Vita scritta da esso
- Autore: Vittorio Alfieri
- Genere: Storie vere
- Categoria: Narrativa Italiana
Pochi mesi prima di morire, Enzo Siciliano, scrittore e critico letterario, pubblicò su La Repubblica un articolo intitolato Una cotta per l’Alfieri, nel quale si legge:
«A vent’anni mi innamorai di Vittorio Alfieri […] di lui amai le parole, […] il loro ritmo, o la piega dentro la quale esse andavano a nascondersi e a rivelare una incauta vitalità -nervosismo e tratti di schizofrenia, dolore, entusiasmo, un’ostilità all’esistenza che è profondo amore per essa, orgoglio virile, e infine bellezza».
Si può dire di me la stessa cosa, cambiando solo l’età; pochi mesi fa, nel marzo del mio quarto anno di liceo, lo lessi e lo studiai sui libri di scuola: mi conquistò la sua vitalità prorompente, la sua irrequietezza, il violento impeto del grido di «Volli, volli sempre, fortissimamente volli» affidato alle pagine delle sue infinite Lettere.
Questa iniziale infatuazione non scemò quando da lui passammo a Foscolo e poi a Manzoni e, per quanto questi autori potessero stuzzicare la mia fantasia e il mio gusto, Alfieri non mi usciva di mente, e non credo lo farà tanto presto.
Ed ecco dunque che mi fiondo in libreria per procurarmi Vita scritta da esso, uscendone poco dopo tutta contenta con il delizioso volumetto in mano.
Amando già l’autore, non si può non amare quest’autobiografia, in cui Alfieri ha voluto «lasciar fare alla penna», accompagnandoci dalla sua nascita, avvenuta ad Asti nel 1749, alla giovinezza, trascorsa alla Reale Accademia di Torino, che egli detestò e dalla quale uscì sentendosi niente più che «asino fra gli asini», fino a poco tempo prima della morte, sopraggiunta nel 1803.
Sin dall’infanzia, vediamo emergere in lui la tendenza alla solitudine, accompagnata da una costante, sfibrante irrequietezza, che sarà poi il fuoco che lo terrà sempre in movimento, il vento irresistibile che lo trascinerà nei suoi vagabondaggi per la Francia, l’Inghilterra, la Svezia, la Danimarca, la Prussia, l’acqua, infine, che farà sbocciare in lui il «tacito orror» per i paesaggi impervi e desolati e alimenterà il suo sdegno verso ogni forma di potere.
Dell’andare non mi saziava mai, ma immediatamente mi addolorava lo stare.
Ma la Vita, oltre che essere un racconto autobiografico, ci parla di quelle che per il poeta furono le tappe interiori di un percorso che inizia con la sua conversione letteraria del 1775 e prosegue con il successivo sviluppo della poetica tragica, spaziando dal titanismo e l’io megalitico al radicale pessimismo e il senso di impotenza di fronte alle sofferenze e le disgrazia che la vita, per sua natura, comporta.
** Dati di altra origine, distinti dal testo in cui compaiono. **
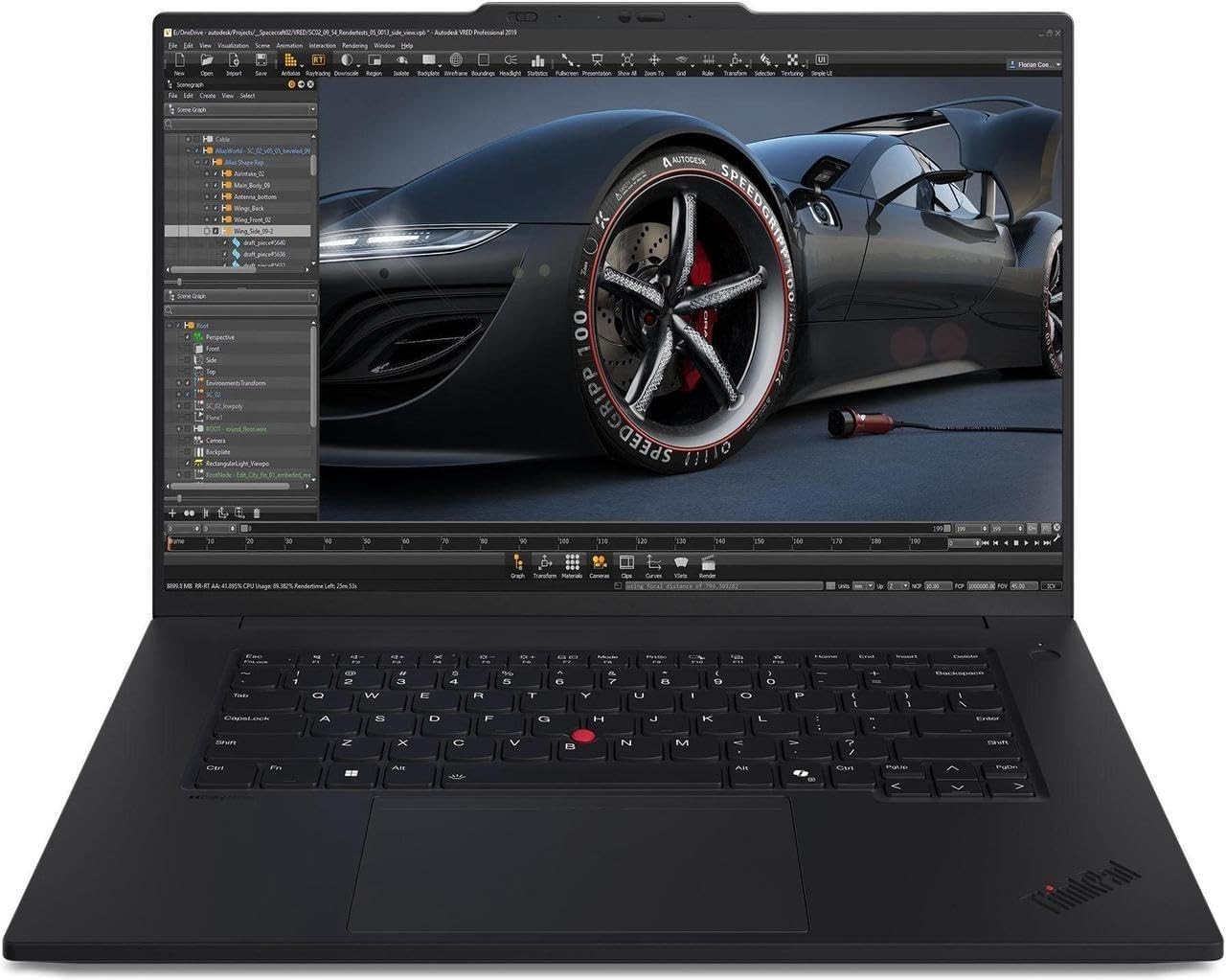 Lenovo ThinkPad P1 Gen 7 16″ Touchscreen 4K OLED Workstation – 32GB, 1TB Storage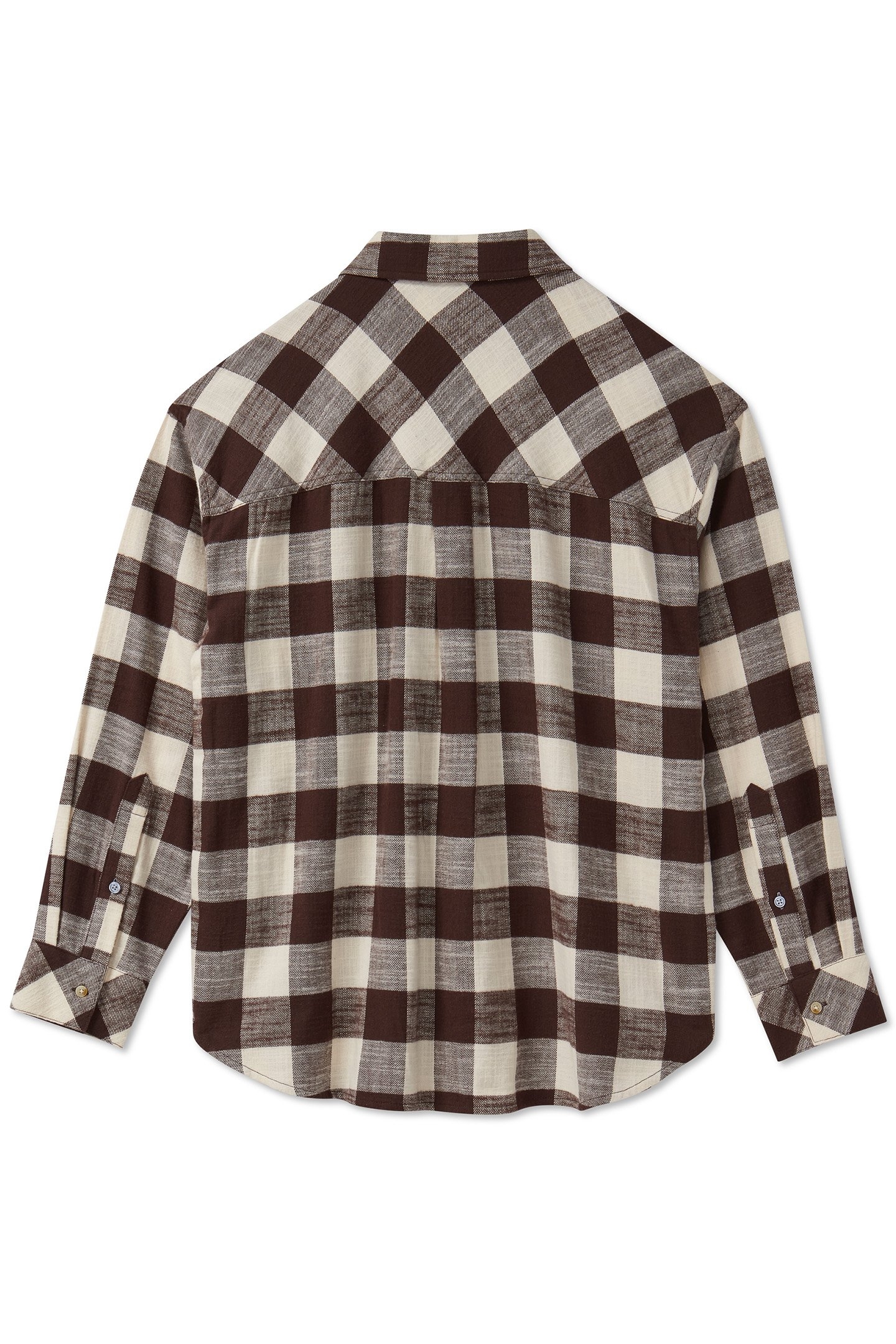 OVERSIZED SHIRT SEAL BROWN/BUFFALO CHECK 5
È anche la storia di due grandi amori, l’uno per la letteratura, che condusse alla genesi delle sue tragedie e dei suoi altri scritti, e l’altro per la contessa d’Albany, il «degno amore», che, a suo stesso dire, insieme alla scrittura fu quel che lo salvò dalla disperazione.
Mi avvidi, che la mia infelicità proveniva soltanto dal bisogno, anzi necessità ch’era in me di avere ad un tempo stesso il cuore occupato da un degno amore, e la mente da un qualche nobile lavoro; e ogniqualvolta l’una delle due cose mi mancò, io rimasi incapace dell’altra, e sazio e infastidito e oltre ogni dire angustiato.
Con l’accurato e intimo studio che compie di se stesso, Alfieri sembra spezzare anche le ultime catene che lo tengono legato alla dottrina dei «gelati filosofisti che da null’altro son mossi fuorché da due e due son quattro». E come potrebbe, d’altronde, la marmorea compostezza dell’epoca dei lumi adattarsi al genio preromantico che diede vita a trionfi di sensibilità quali sono il Saul o l’Agamennone, al paladino delle «cagioni intime» e di quel «forte sentire» che il razionalismo, assassino inclemente quanto astuto, tenta di soffocare?
Questo e molto altro è la Vita scritta da esso, compendio di un autore che ha fatto la storia della letteratura, sì, ma, soprattutto, ritratto sincero di un uomo che non potendo appartenere alla sua epoca decise di appartenere solo ai libri e all’amore, e ancor più, a se stesso e alla sua capacità di sentire.
Dio chiamo io l’uomo vivissimamente sentente.